▶ What this task involves: Repeat all of the data word for word so that only the pictures are missing from the copy.

▶ Information provided:
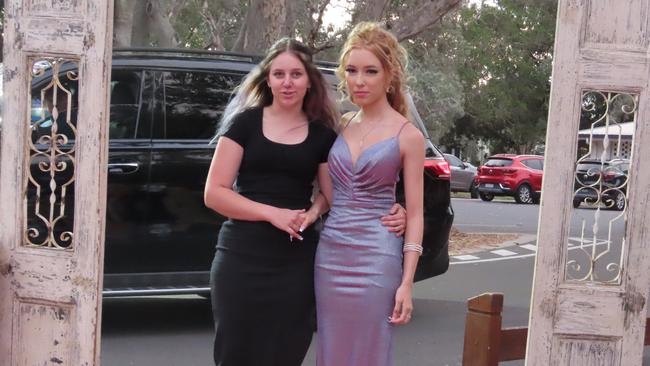 Tahlia Bergerson and Jessame Hand at the Hervey Bay State High School formal.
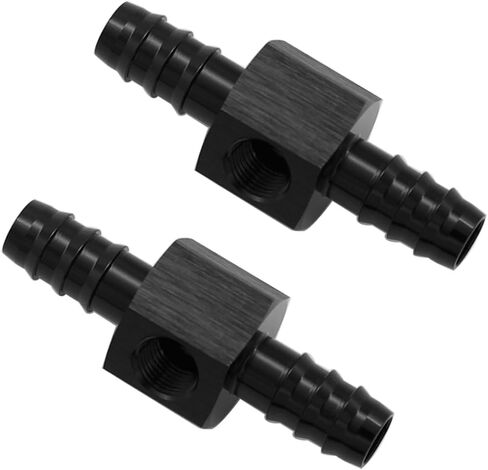5/16 بارب إلى 5/16 "(8 مللي متر) بارب مع 1/8" NPT الاستشعار قياس ميناء خرطوم أنبوب تركيب ضغط الوقود خلع محول الألومنيوم الأسود in Kuwait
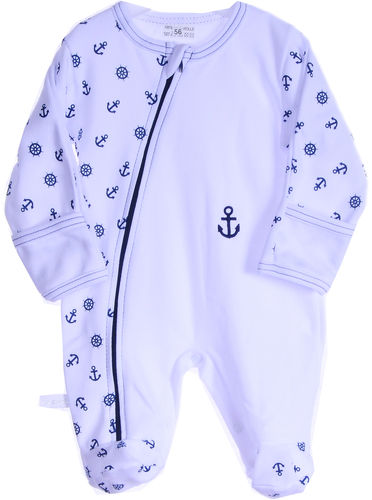 Strampler Overall Baby Schlafanzug 44 bis 104 Einteiler Weiß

▶ Written solution:
 Tahlia Bergerson and Jessame Hand at the Hervey Bay State High School formal.
5/16 بارب إلى 5/16 "(8 مللي متر) بارب مع 1/8" NPT الاستشعار قياس ميناء خرطوم أنبوب تركيب ضغط الوقود خلع محول الألومنيوم الأسود in Kuwait
 Strampler Overall Baby Schlafanzug 44 bis 104 Einteiler Weiß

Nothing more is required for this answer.